Selon vous, pourquoi Marine Le Pen ne s’est-elle pas «affranchie»?

Comment risquer de braquer le patriarche, mais aussi la manne financière? Car oui, il y a aussi un aspect financier. Jean-Marie Le Pen est riche, il finance le parti et il détient une fortune personnelle. Le livre de Philippe Cohen [Le Pen, une histoire française] est très instructif à ce sujet. Par ailleurs, les deux se parlent tous les jours, se rencontrent presque tous les jours. Jusqu’en 2014, à plus de 45 ans, la fille habitait toujours chez son père à Montretout. Ce n’est pas vraiment le signe d’une émancipation, mais plutôt celui d’une dépendance et d’un enfermement familial.

Et sur le terrain des idées?

Il y a un lien fort, obsédant: Là encore, pas d’émancipation. Lors de la création du parti SIEL, en 2011, Marine Le Pen était tout d'abord dubitative. Nous avons compris qu’il fallait travailler au corps Jean-Marie Le Pen pour qu’il change d’avis.
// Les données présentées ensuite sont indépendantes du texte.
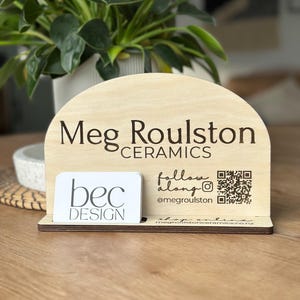 Peut inclure: Un présentoir en bois clair en forme de demi-cercle avec le texte gravé au laser Meg Roulston CERAMICS, un code QR et le compte @megroulston. Une carte de visite blanche avec le texte bec DESIGN est insérée dans la base avant du support.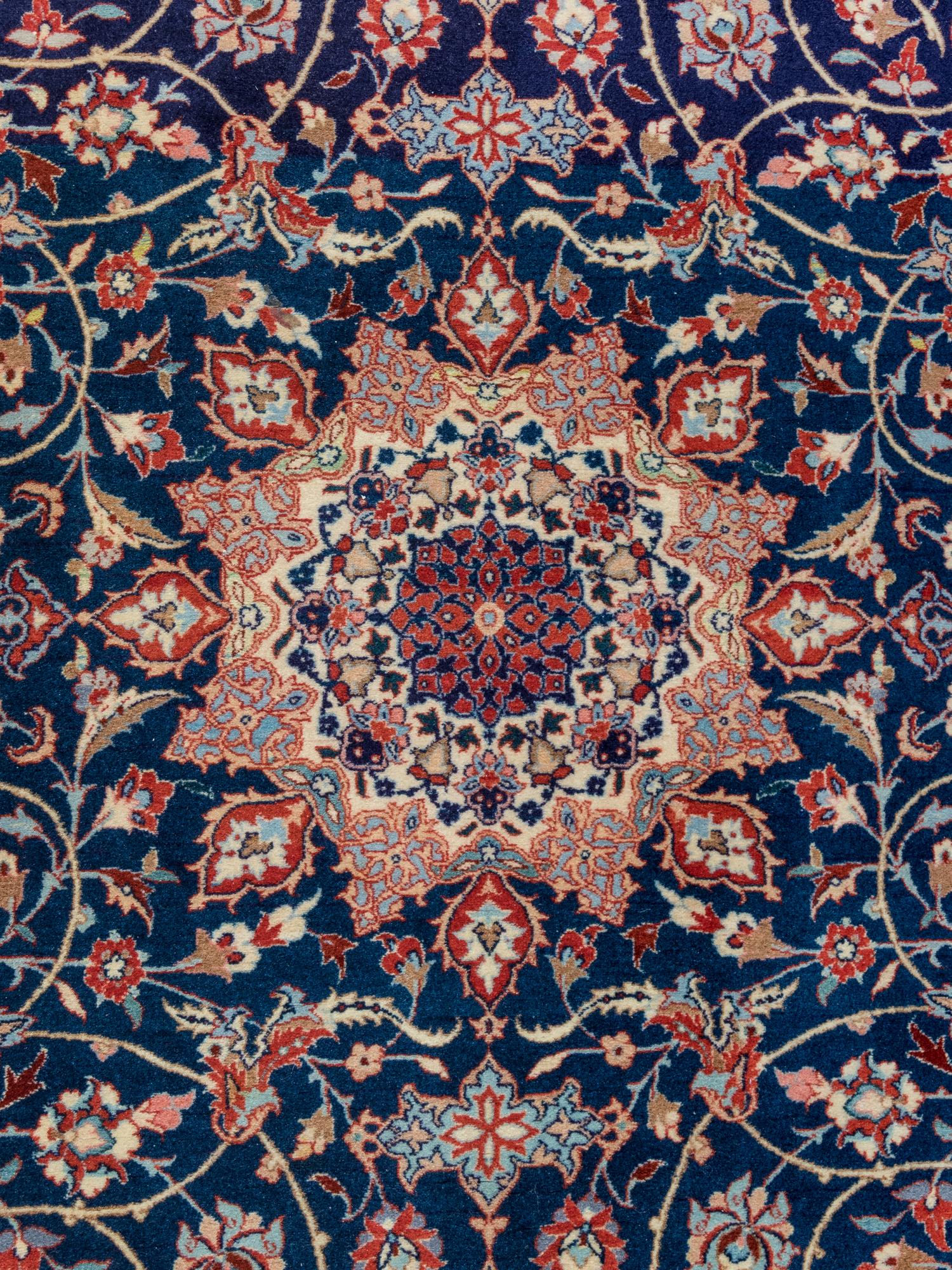A Signed Isfahan Silk Rug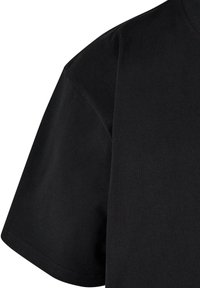 Black cotton t-shirt with a loose fit, short sleeves, and a crew neckline. Fabric appears smooth with minimal seams and stitching details.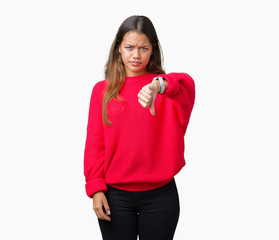 Sticker - Young beautiful brunette woman wearing red winter sweater over isolated background looking unhappy and angry showing rejection and negative with thumbs down gesture. Bad expression.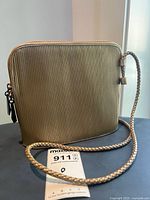 Front view of gold ribbed Cee Klein crossbody purse with braided strap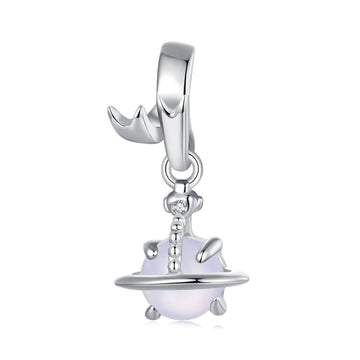 Silver charm with a white bead on a white background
Cela s’est fait, Marine Le Pen a ensuite accepté le SIEL. Nous avons eu une convention, des sièges aux élections…

Vous soulignez que Marine Le Pen n’a jamais voulu «dépasser» le FN…

Non, elle est restée dans le bunker, au sens littéral et figuré. Elle n’a jamais voulu transcender ce parti, le débaptiser pour en faire une nouvelle formation large et revendiquée à droite. Sa manière de rester «hors-système», populiste, typique de l’extrême droite, va la mener à l’échec.